For several decades American photography has been dominated by a reaction against “Westonism”—that is, against contemplative photography, photography considered as an independent visual exploration of the world with no evident social urgency. The technical perfection of Weston’s photographs, the calculated beauties of Minor White and Aaron Siskind, the poetic constructions of Frederick Sommer, the self-assured and elegant ironies of Cartier-Bresson—all these have been challenged by photography that is, at least programmatically, more naïve, more direct; that is hesitant, even awkward. But taste in photography is not that linear. Without any weakening of the current commitments to informal photography and to photography as social document, a perceptible revival of Weston is now taking place. For, with a certain distance of time, Weston’s work also looks naïve.

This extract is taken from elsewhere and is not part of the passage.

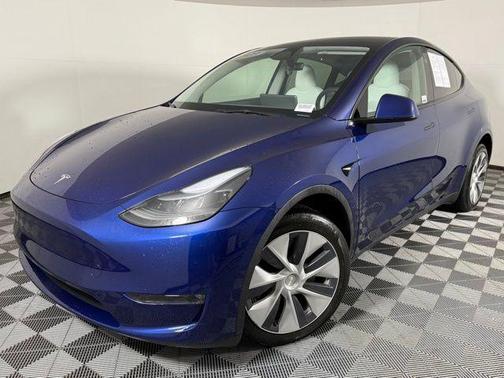 2023 Tesla Model Y Long Range Dual Motor All-Wheel Drive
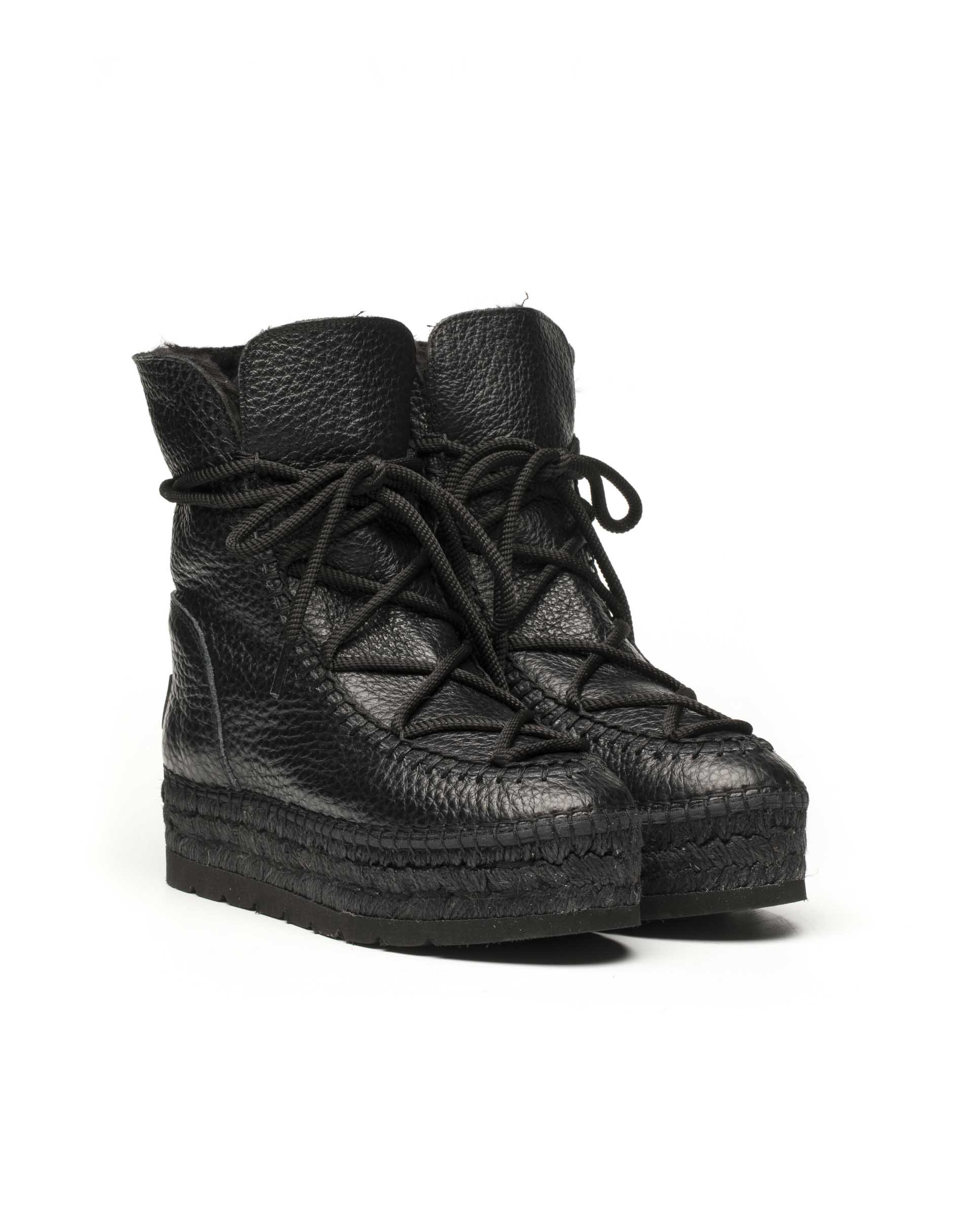 Merce Doble black bost platform boot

Finally, there is no reason to exclude any photographer from the canon. Right now there are mini-revivals of such long-despised pictorialists from another era as Oscar Gustav Rejlander, Henry Peach Robinson, and Robert Demachy. As photography takes the whole world as its subject, there is room for every kind of taste. Literary taste does exclude: the success of the modernist movement in poetry elevated Donne but diminished Dryden. With literature, one can be eclectic up to a point, but one can’t like everything. With photography, eclecticism has no limits. This is the real message of Szarkowski’s book, which contains every kind of photograph and photographic style, and praises them all. The plain photographs from the 1860s of abandoned children admitted to a London institution called Doctor Bernardo’s Home (taken as “records”) are as moving as David Octavius Hill’s brooding portraits of Scottish burghers (taken as “art”). The clean look of Weston’s classic modern style is not refuted by, say, Benno Friedman’s ingenious recent revival of pictorial blurriness.

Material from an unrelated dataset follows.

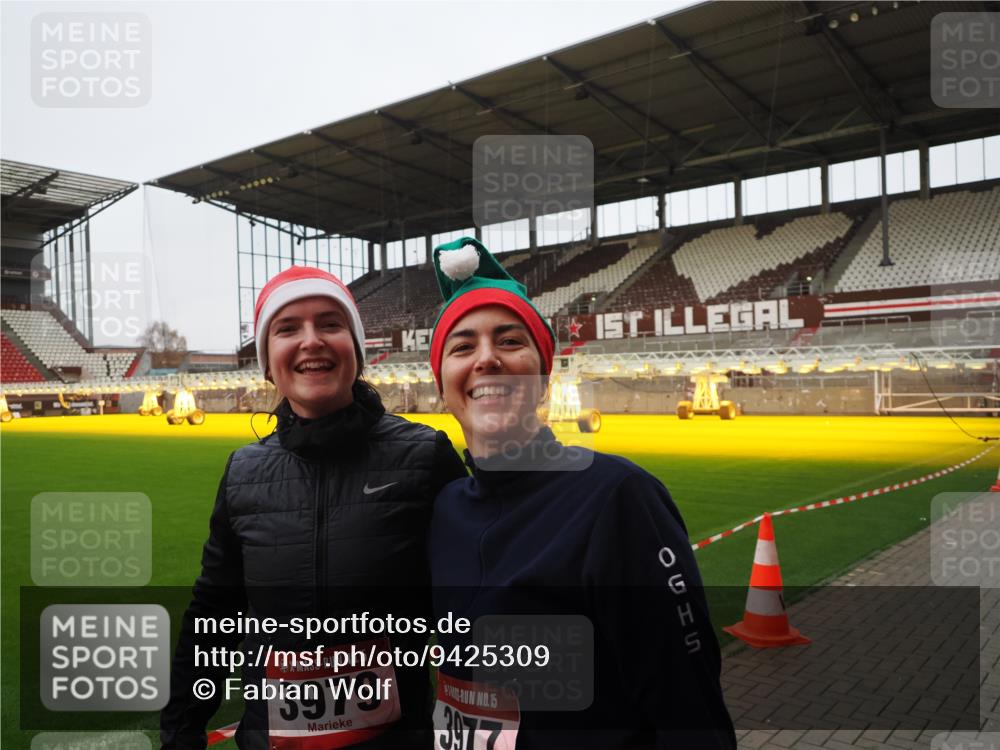 07.12.2025 - St. Pauli X-Mass-Run No. 15 Fabian Wolf http://msf.ph/oto/9425309 07.12.2025 12:13:13 Ziel 455, 463, 466, 2543, 4713 meine-sportfotos.de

This is not to deny that each viewer likes the work of some photographers more than that of others: for example, most cultivated viewers today prefer Atget to Weston. What it does mean is that, by the nature of photography, one is not really obliged to choose; and that preferences of that sort are, for the most part, merely reactive. Taste in photography tends to be, is perhaps necessarily, something global, eclectic, permissive, which means that in the end it must deny the difference between good taste and bad taste.

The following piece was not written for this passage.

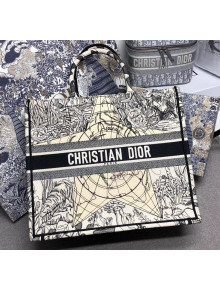 Dior Large Book Tote with Star Embroidery White/Black 2020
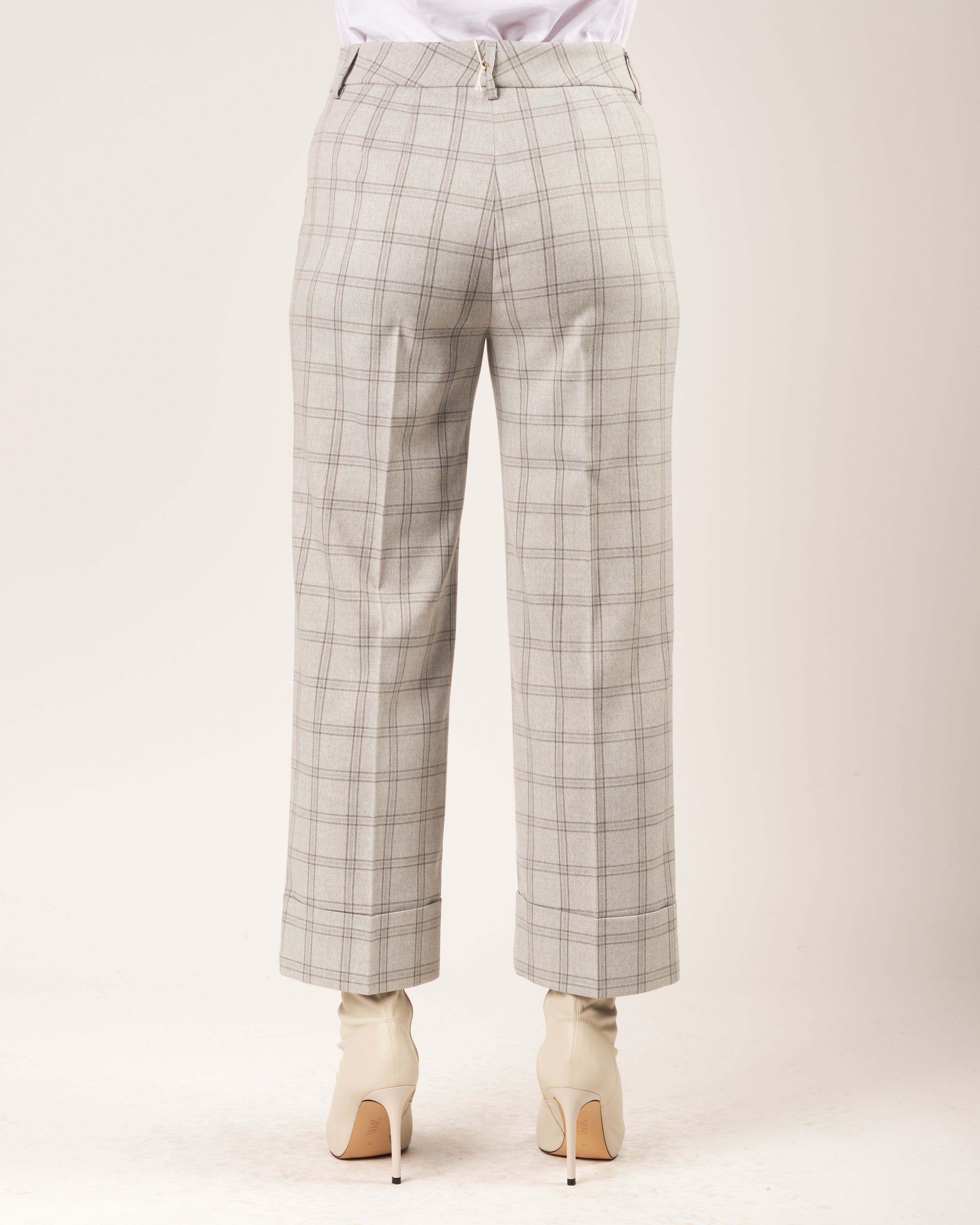 Pantaloni con monile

This is what makes the attempts of photography polemicists to erect a canon seem ingenuous or ignorant. For there is something fake about all photographic controversies—and the attentions of the museum have played a crucial role in making this clear. The museum levels upward all schools of photography. Indeed, it doesn’t make much sense even to speak of schools. In the history of painting, movements have a genuine life and function: painters are often much better understood as part of the school or movement to which they belonged. But movements in the history of photography are fleeting, adventitious, sometimes merely perfunctory, and no first-rate photographer is better understood as a member of a group. (Think of Stieglitz and Photo-Secession, Weston and f-64, Renger-Patzsch and the New Objectivity, Walker Evans and the Farm Security Administration project, Cartier-Bresson and Magnum.) To group photographers in schools or movements seems to be a kind of misunderstanding, based (once again) on the irrepressible but invariably misleading analogy between photography and painting:

The leading role now played by museums in forming and clarifying the nature of photographic taste seems to mark a new stage from which photography cannot turn back. Accompanying its tendentious respect for the profoundly banal is the museum’s diffusion of a historicist view, one that inexorably promotes the entire history of photography. Small wonder that photography critics and photographers seem anxious. Underlying many of the recent defenses of photography is the fear that photography is already a senile art, littered by spurious or dead movements; that the only task left is curatorship and historiography. (While prices skyrocket for photographs old and new.) It is not surprising that this demoralization should be felt at the moment of photography’s greatest acceptance. “It is one of the peculiarities of the imagination,” as Wallace Stevens said, “that it is always at the end of an era.”